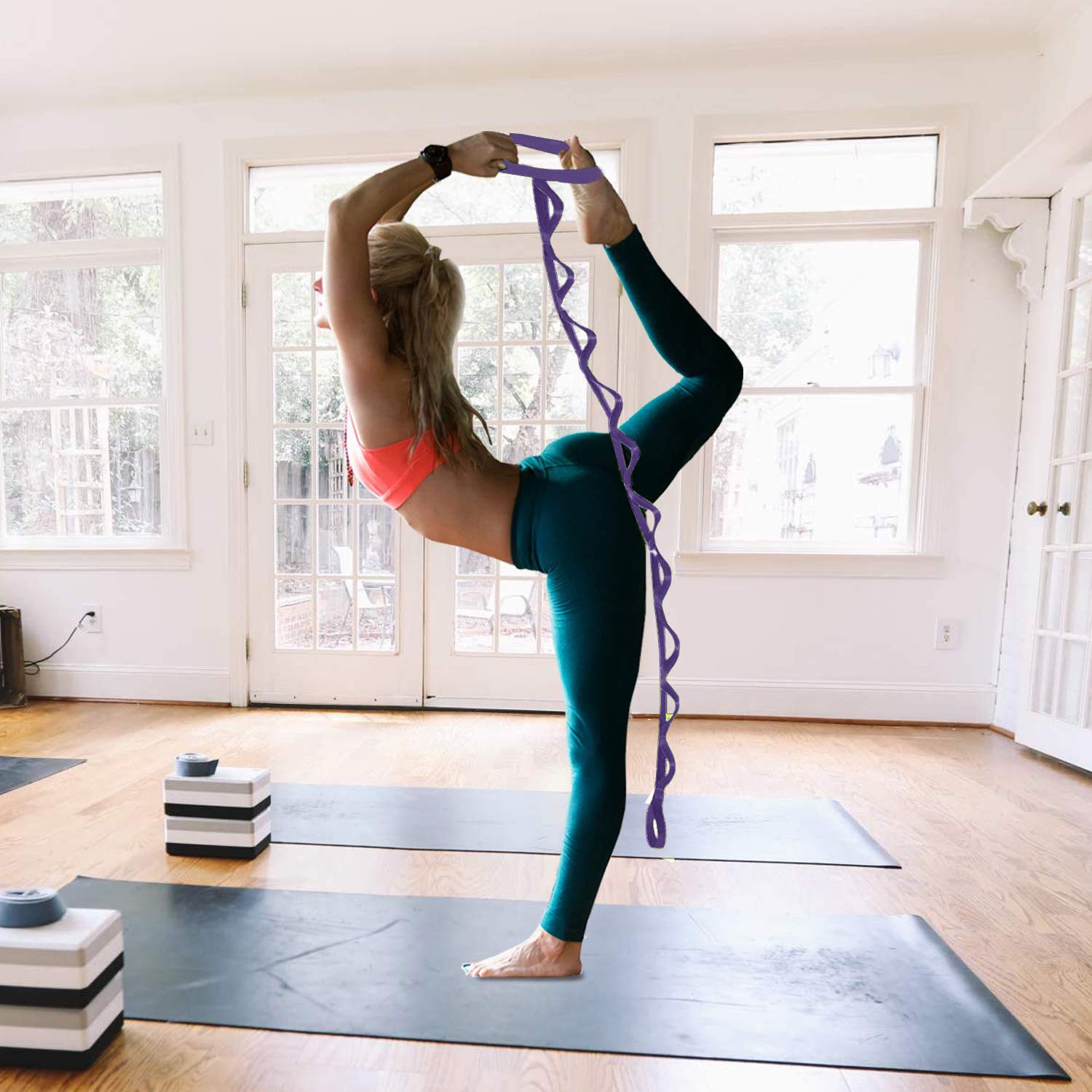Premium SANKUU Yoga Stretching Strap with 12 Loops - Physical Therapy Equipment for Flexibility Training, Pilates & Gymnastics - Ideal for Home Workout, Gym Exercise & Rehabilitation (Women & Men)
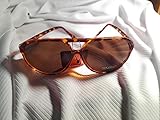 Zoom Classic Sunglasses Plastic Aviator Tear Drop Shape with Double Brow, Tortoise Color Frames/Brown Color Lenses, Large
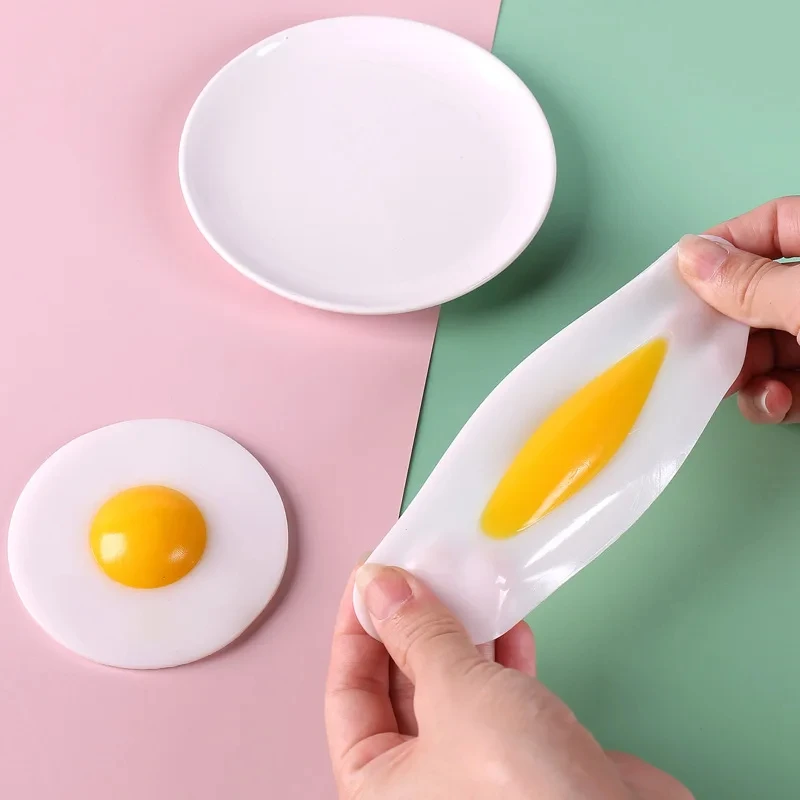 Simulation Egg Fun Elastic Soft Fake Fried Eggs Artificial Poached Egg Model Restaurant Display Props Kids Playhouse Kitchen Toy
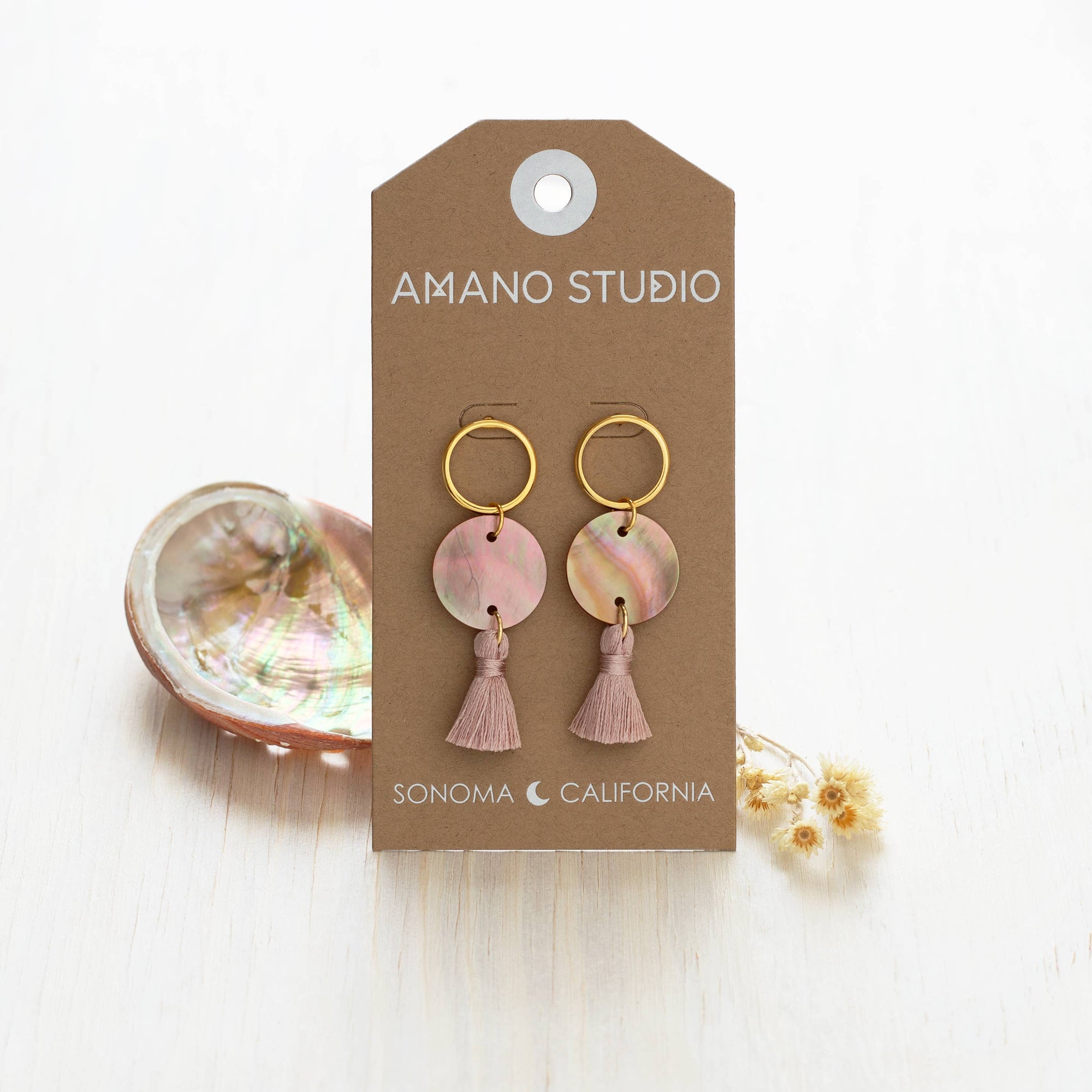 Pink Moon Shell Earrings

• _TASK DESCRIPTION_
Everything in the material except the pictures should be restated word for word.

• _EXERCISE OUTPUT_
Premium SANKUU Yoga Stretching Strap with 12 Loops - Physical Therapy Equipment for Flexibility Training, Pilates & Gymnastics - Ideal for Home Workout, Gym Exercise & Rehabilitation (Women & Men)
 Zoom Classic Sunglasses Plastic Aviator Tear Drop Shape with Double Brow, Tortoise Color Frames/Brown Color Lenses, Large
 Simulation Egg Fun Elastic Soft Fake Fried Eggs Artificial Poached Egg Model Restaurant Display Props Kids Playhouse Kitchen Toy
 Pink Moon Shell Earrings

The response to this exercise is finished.